- [TASK OBJECTIVE]: Your answer should consist only of the lines below from the one with "Mercedes-Benz E 53 AMG Hybrid 4Matic+ - 42" through the one with "Coach Hippie Saddle", copied exactly.

- [SOURCE MATERIAL]:
-- Opening Marker --
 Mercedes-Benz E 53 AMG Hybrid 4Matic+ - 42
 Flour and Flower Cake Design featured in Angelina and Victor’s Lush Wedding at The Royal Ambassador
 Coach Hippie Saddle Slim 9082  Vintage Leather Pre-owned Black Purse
-- Closing Marker --
-- Opening Marker --
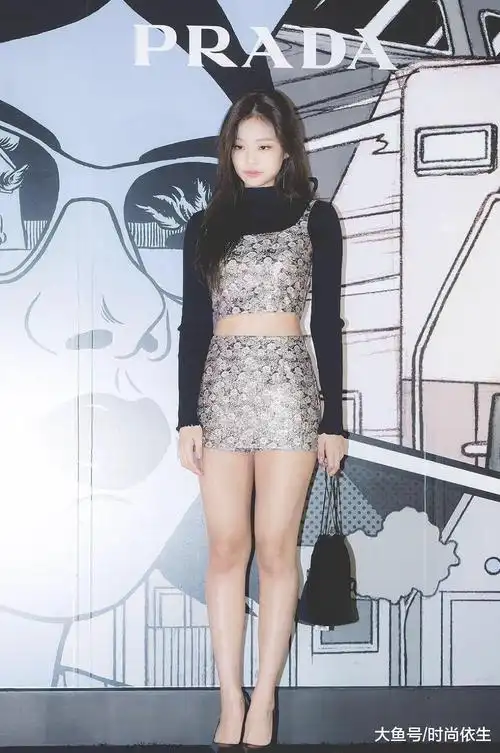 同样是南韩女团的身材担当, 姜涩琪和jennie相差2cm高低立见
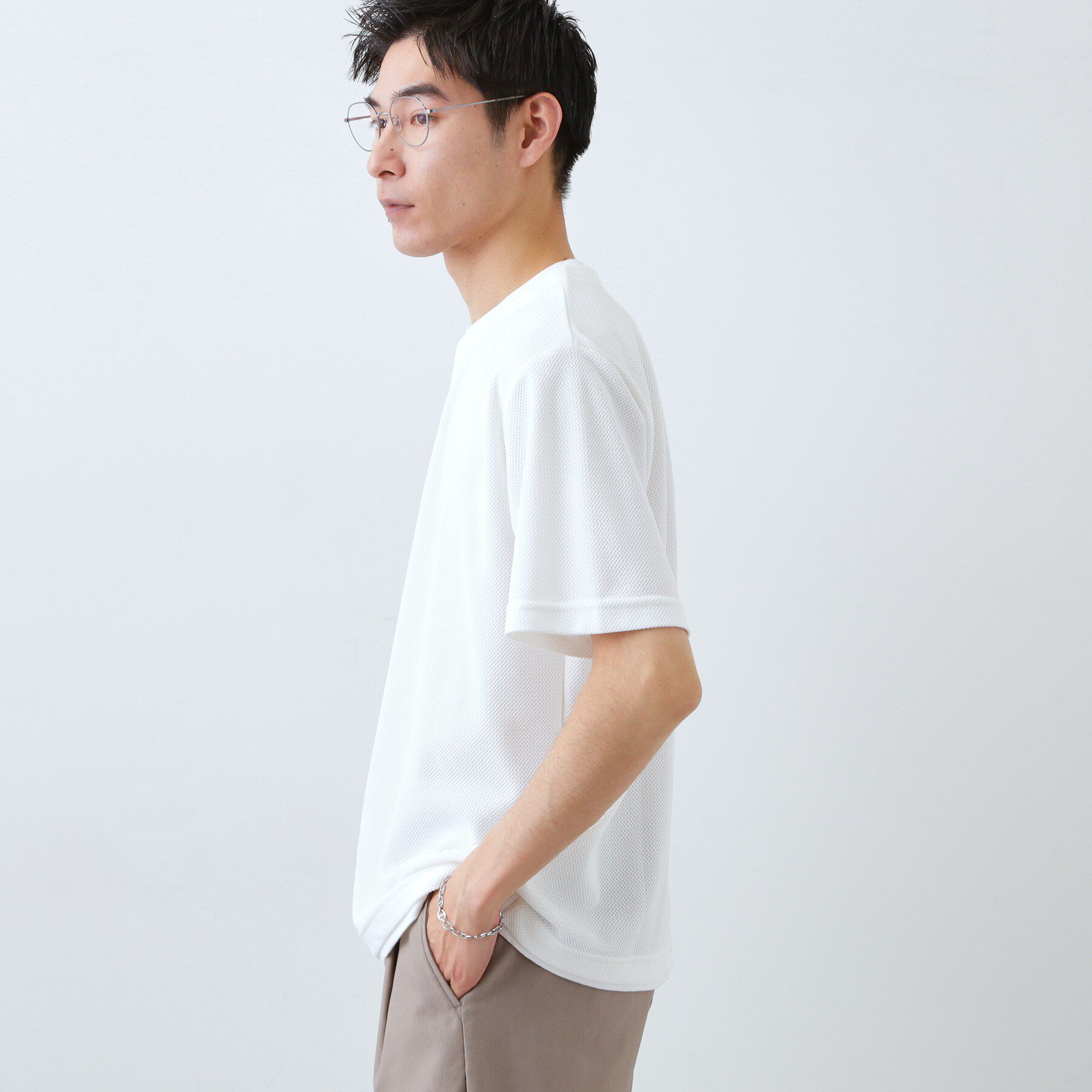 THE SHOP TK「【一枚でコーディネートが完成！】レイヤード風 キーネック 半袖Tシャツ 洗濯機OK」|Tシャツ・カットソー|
-- Closing Marker --
-- Opening Marker --
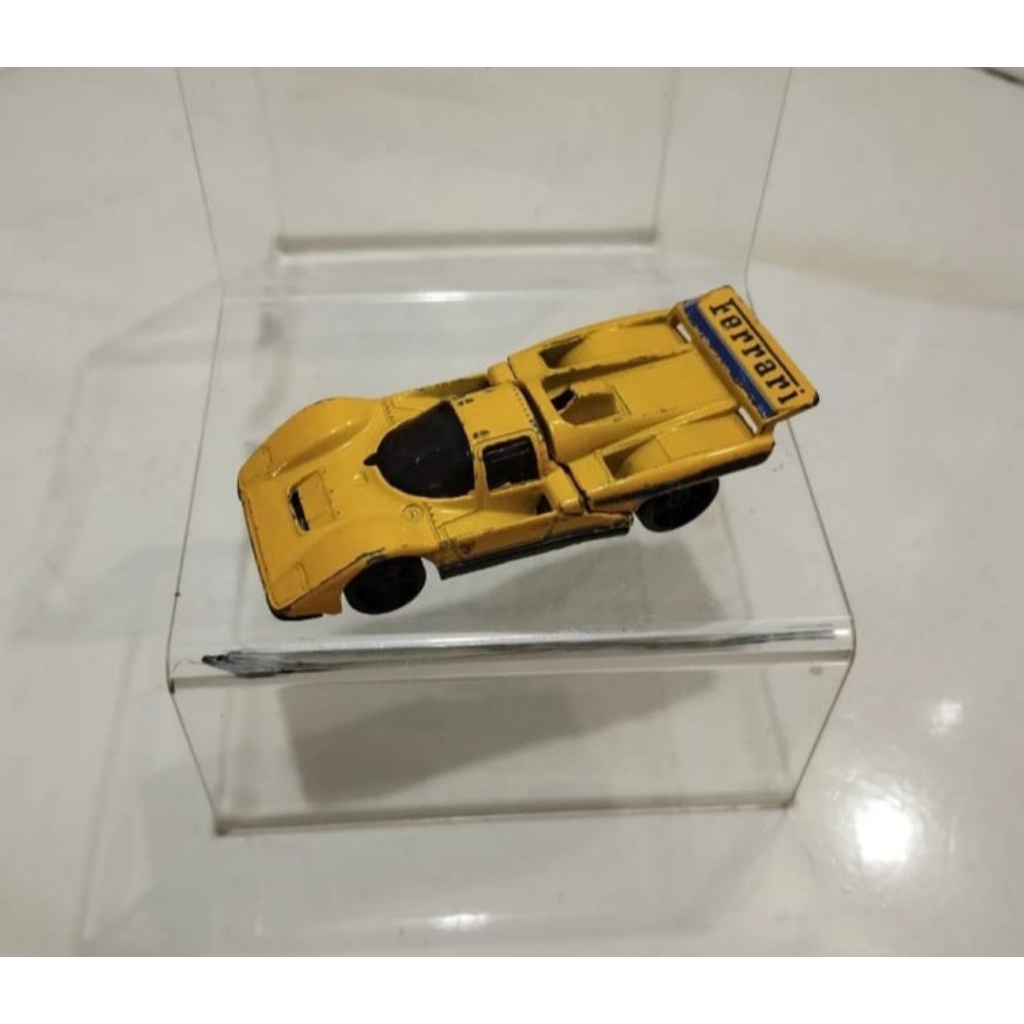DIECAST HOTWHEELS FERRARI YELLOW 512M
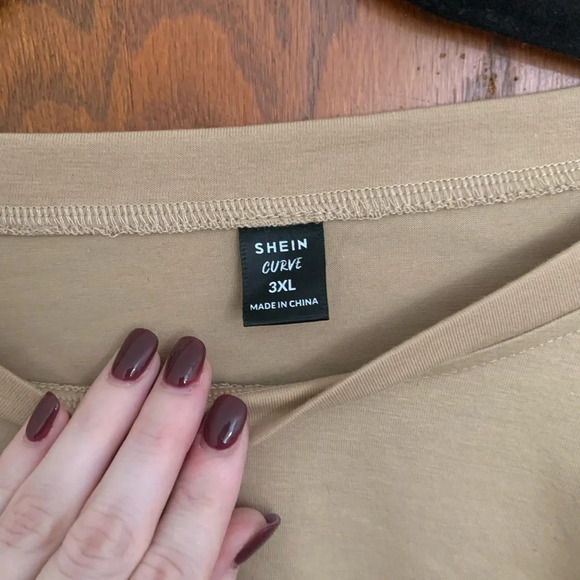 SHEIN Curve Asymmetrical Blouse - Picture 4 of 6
-- Closing Marker --
- [EXERCISE RESPONSE]:
 Mercedes-Benz E 53 AMG Hybrid 4Matic+ - 42
 Flour and Flower Cake Design featured in Angelina and Victor’s Lush Wedding at The Royal Ambassador
 Coach Hippie Saddle Slim 9082  Vintage Leather Pre-owned Black Purse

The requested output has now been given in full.